The 99 percentile upper reference limits (URL) of high-sensitivity cardiac troponin (hs-cTn) in healthy subjects are essential for diagnosis and management of cardiovascular diseases. Unless screened stringently, subclinical disease affects the derived URL. In 779 healthy subjects(49% males; 17-88 years) screened by cardiovascular magnetic resonance (CMR), the gold standard for assessing cardiac volumes and myocardial mass; and estimated glomerular filtration rate (eGFR), the 99 percentile URL of hsTnT (Roche) and hs-cTnI (Abbott) were similar to the published URL. The overall 99 percentile URL of hsTnT and hsTnI were 15.2 and 21.2 ng/L, respectively; males had higher values than females (hsTnT: 16.8 versus 11.9 ng/L and hsTnI: 38.8 versus 14.4 ng/L). Correlation between hsTnT and hsTnI was modest (r = 0.45; p < 0.001). A larger proportion of healthy volunteers <60 years had detectable hsTnI compared to hsTnT (n = 534; 30.0% versus 18.3%, p < 0.001). Lower eGFR was an independent clinical determinant of hsTnT, but not hsTnI. Both hs-cTn concentrations were independently associated with myocardial mass and cardiac volumes (p < 0.01 for all), but only hsTnI was independently associated with CMR multi-directional strain measures and extent of LV trabeculations (p < 0.05 for all). Differences exist between hs-cTn assays and may influence their selection depending on cardiac conditions, patient population and local factors.

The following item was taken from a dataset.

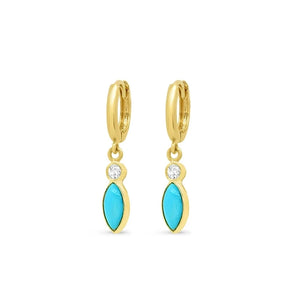 925 Silver Vintage Turquoise Oval Stone Pendant Earrings Double Studs Chain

健康受试者中超敏心肌肌钙蛋白(hs-cTn)的 99%上限参考值(URL)对于心血管疾病的诊断和管理至关重要。除非进行严格筛查,否则亚临床疾病会影响得出的 URL。在通过心血管磁共振(CMR)筛选的 779 名健康受试者(49%为男性;年龄 17-88 岁)中,CMR 是评估心脏容积和心肌质量的金标准,同时还评估了估算肾小球滤过率(eGFR)。hsTnT(罗氏)和 hs-cTnI(雅培)的 99%URL 与已发表的 URL 相似。hsTnT 和 hs-cTnI 的总体 99%URL 分别为 15.2 和 21.2ng/L,男性的值高于女性(hsTnT:16.8 与 11.9ng/L 和 hs-cTnI:38.8 与 14.4ng/L)。hsTnT 与 hs-cTnI 之间的相关性中等(r=0.45;p<0.001)。与 hsTnT 相比,年龄<60 岁的健康志愿者中 hs-cTnI 的检出率更高(n=534;30.0%与 18.3%,p<0.001)。较低的 eGFR 是 hsTnT 的独立临床决定因素,但不是 hs-cTnI。两种 hs-cTn 浓度均与心肌质量和心脏容积独立相关(p<0.01),但只有 hs-cTnI 与 CMR 多方向应变指标和 LV 小梁化程度独立相关(p<0.05)。hs-cTn 检测之间存在差异,可能会影响它们的选择,具体取决于心脏状况、患者人群和当地因素。